Few (if any) families have done more to improve this country than Leonard Ross and his wife. For many years they kept open house for all new emigrants until they could provide homes for themselves, and by this course of benevolence, they were the means of inducing many to remain and make improvements in Pike county. At the death of her second husband, Mrs. Ross was left in comfortable circumstances. Mr. Ross had been a man of untiring industry and close application to business, and had bought up large tracts of good land that became valuable as the country improved.
For many years after the death of her last husband, Mrs. Ross remained in Atlas township; but for the last twenty years she has lived in the town of Barry, and still resides there, in the full enjoyment of her own homestead, with all the comforts of this world that are necessary for her enjoyment.

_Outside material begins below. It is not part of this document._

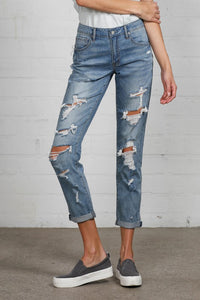 Mid Rise Heavy Destroyed Jeans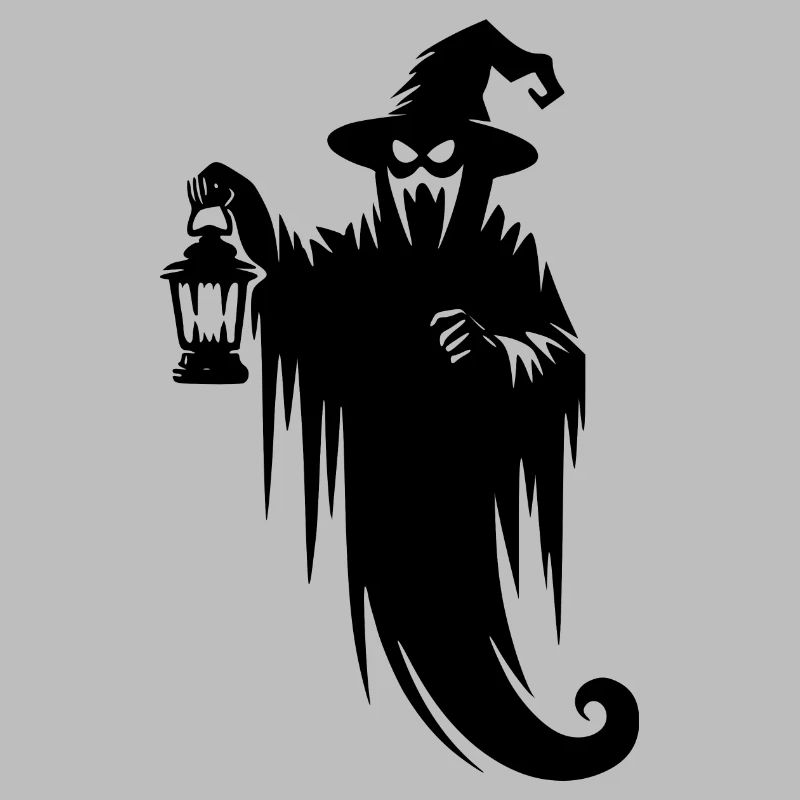 Flying Halloween Ghost with Lamp and Hat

She is now in the 83d year of her age, and her health is more than ordinarily good for one of her age. She is possessed of a very clear mind and retentive memory, and relates many instances of privation and suffering endured by the early settlers. Although Mrs. Ross has not been favored with a family of her own children, she has been a mother to the children of others, and has raised and educated a number of them in a manner that has made good citizens of them. Mrs. Ross has an adopted daughter - Miss Roby Gray, - now living with her, and she bestows upon her all the love and affection of a mother. Miss Gray is a promising young lady, and is very warmly attached to her adopted mother.